Uber has been purchasing insurance to cover drivers for its primary ride-hailing services, such as UberX, from James River Insurance Company, a unit of James River Group Holdings . In the United States, Uber said it covers each ride with $1 million of liability coverage per incident and $1 million of injury coverage for underinsured or uninsured motorists, in addition to other coverage.
Recent changes in Texas insurance rules made it more attractive for Progressive to offer a plan to cover Uber drivers there, Uber and Progressive said.
Progressive Corp this year launched “transportation network companies,” or TNC insurance product, aimed at individuals who use their vehicles to carry passengers for ride-hailing services such as Uber or its rival Lyft.

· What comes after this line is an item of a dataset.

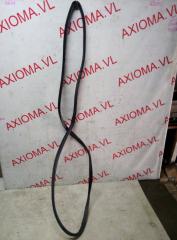 Уплотнительная резинка дверей левая передняя HONDA STEPWGN RK2 R20A 72315SZW003 5 ракурс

John Barbagallo, Progressive Insurance’s Commercial Lines group president, said Progressive sees ride-sharing growing. “We’re excited about the pilot,” he told Reuters.
Other large auto insurers have begun rolling out coverage tailored to ride-hailing service drivers, filling a void that had existed for drivers whose personal policies did not cover accidents that happened when they were driving passengers for pay.
Uber’s senior director of insurance, Gus Fuldner, said the company does not have immediate plans to use other insurance providers in other states.
Uber and Progressive did not disclose financial terms of the Texas program, but did say Uber will be buying coverage for thousands of drivers.
James River Group President Bob Myron said his company had expected Uber’s move, but said he expects James River will continue to have “an important relationship with Uber,” that will grow as the numbers of Uber drivers expands. James River is not aware of other states where Uber plans to switch insurance providers, Myron said.